### What is expected
An exact copy of the listing below is the answer, with the pictures removed.

### Provided material
□ □ □ □ □ □ □
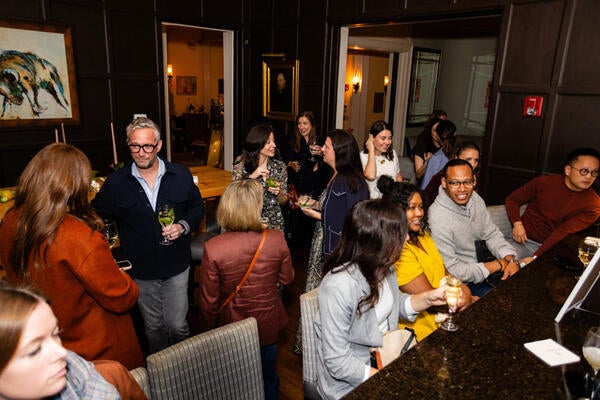 Guests gather for cocktails before the dinner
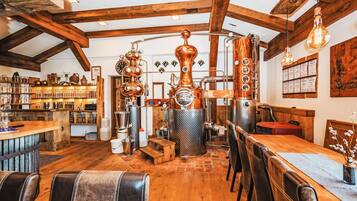 A rustic interior with exposed wooden beams, a bar area with shelves of bottles, and a seating area with leather chairs.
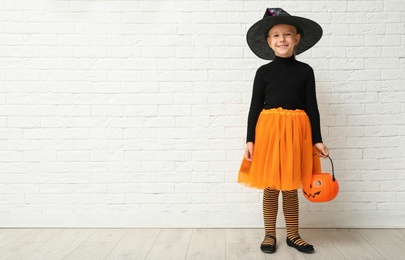 Photo of Cute little girl with pumpkin candy bucket wearing Halloween costume near white brick wall. Space for text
□ □ □ □ □ □ □
### Solution to this task
 Guests gather for cocktails before the dinner
 A rustic interior with exposed wooden beams, a bar area with shelves of bottles, and a seating area with leather chairs.
 Photo of Cute little girl with pumpkin candy bucket wearing Halloween costume near white brick wall. Space for text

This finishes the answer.